Covers is a compilation album by The Smithereens, released in May 2018 by Sunset Blvd Records. It was originally released as a digital download on iTunes in May 2014. The album features 22 cover songs recorded by the band between 1980 and 2008. Most of the songs have previously been released as b-sides or on tribute albums and soundtracks.

Background 

Covers features songs that are collected from different sessions throughout the band's career.

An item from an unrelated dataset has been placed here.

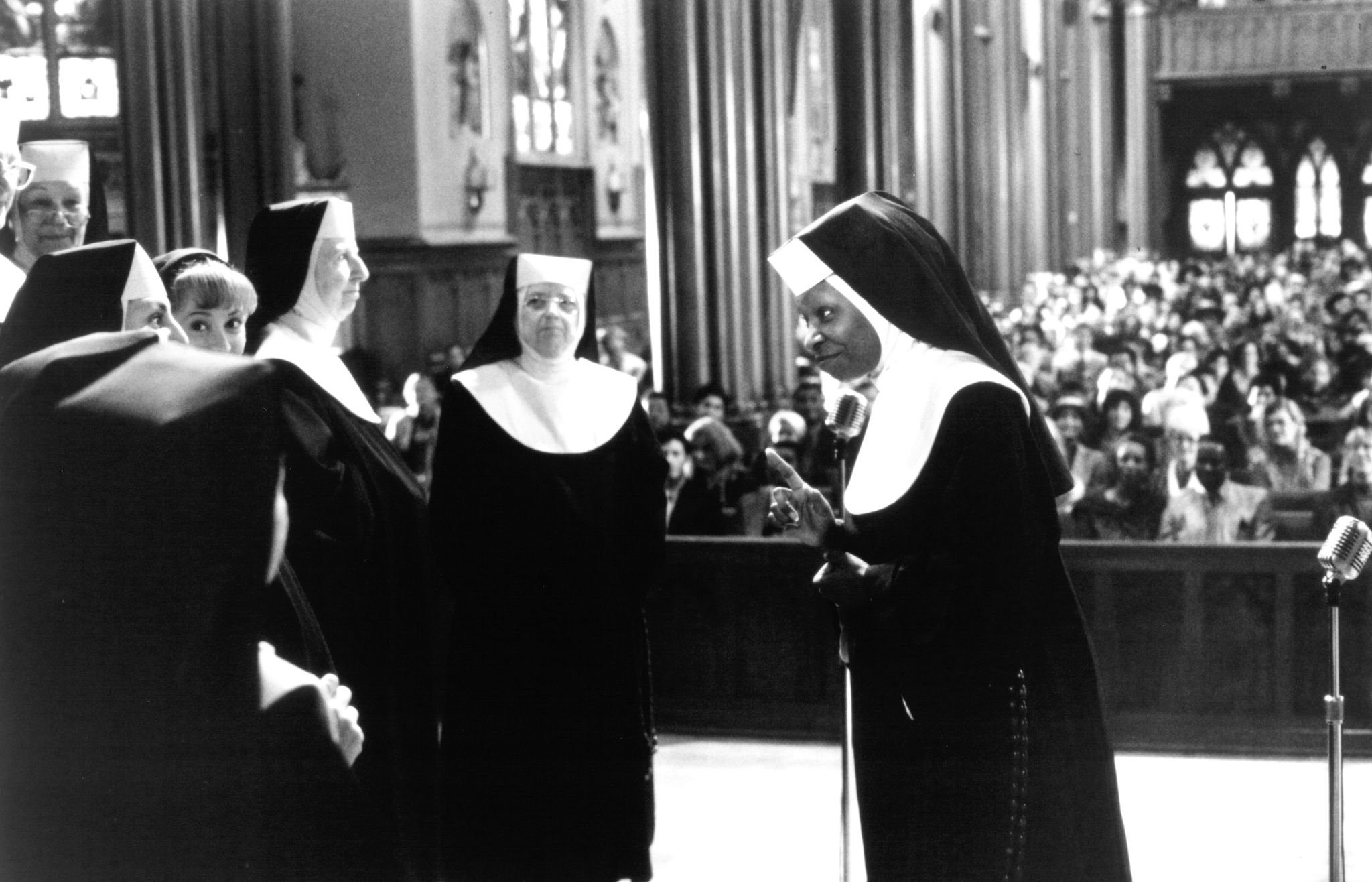 Still of Whoopi Goldberg and Mary Wickes in Sister Act (1992)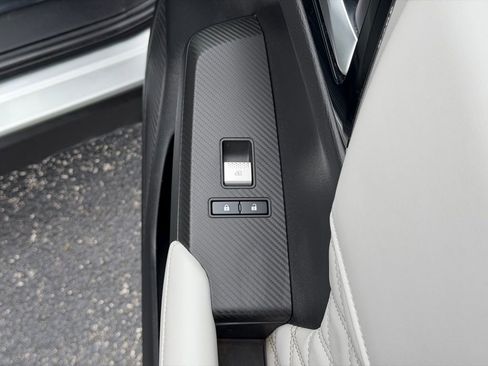 Used 2023 Mitsubishi Outlander SEL FWD image 25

Guitarist Jim Babjak: “Whenever we had extra time in the studio we’d knock off covers for fun."

Critical reception 

Jeff Elbel of the Illinois Entertainer rated the album 7 stars out of 10, stating: "If these songs represent the Smithereens' schoolbooks, Covers is the thesis supporting the band's tenured status as professors and proclaimers of perfect power pop."

Track listing 

Notes
"The Game of Love", "Yer Blues", "Rosie Won't You Please Come Home" and "The Stroll" were recorded in 1993-1994 during sessions for A Date with The Smithereens. They were previously released on The Mega-Box Set, an unofficial 21-CD box set released in 2005 through Pat DiNizio's website in a  limited edition of 500 copies. "The Stroll" was originally featured in Reform School Girl, an episode in the 1994 Showtime television series Rebel Highway. 

"Ruler of My Heart", "One After 909", "Somethin' Stupid" and "Lust For Life" were recorded in December 1987 during sessions for Green Thoughts.

"Let's Talk About Us" was recorded in 1993 for Brace Yourself! A Tribute to Otis Blackwell.  

"Time Won't Let Me" was recorded in June 1994 for the film Timecop but not included on the soundtrack album. 

"I Want to Tell You" was recorded in 2002 for Songs from the Material World: A Tribute to George Harrison.

"It Don't Come Easy", "The World Keeps Going 'Round" and "Shakin' All Over" were recorded spring 1991 during sessions for Blow Up.

"Downbound Train" was recorded 24 January 1997 for One Step Up/Two Steps Back: The Songs of Bruce Springsteen.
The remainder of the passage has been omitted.